While it was true that he had been placed in the "glamorous" office of The Department of Magical Law Enforcement, located on the prestigious second floor of the M.O.M., people would think with some automatic thinking that it equated to "One must be an Auror.".

The Auror Office, of course, was the most well known section within his office, and the subdivision of Hit Wizards his mother referenced, also fell within this section.
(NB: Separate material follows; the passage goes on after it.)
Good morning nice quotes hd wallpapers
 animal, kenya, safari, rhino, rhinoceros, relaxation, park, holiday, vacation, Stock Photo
He had known, almost his entire life, the requirements for the job: An Auror is an uber trained specialist law enforcement wizard who investigates crimes involving the Dark Arts and apprehends resultant Dark Wizards who do these sorts of things.

Professor McG had beat it into them time after time that the job requirements for the Auror Office required a minimum of 5 N.E.W.T.s -with marks no lower than "Exceeds Expectations". He hadn't met the requirements in either Potions, Defense Against the Dark Arts, Transfiguration, Charms, or Herbs; and for someone who had dreamed of entering the training program, he had failed, in a spectacular manner.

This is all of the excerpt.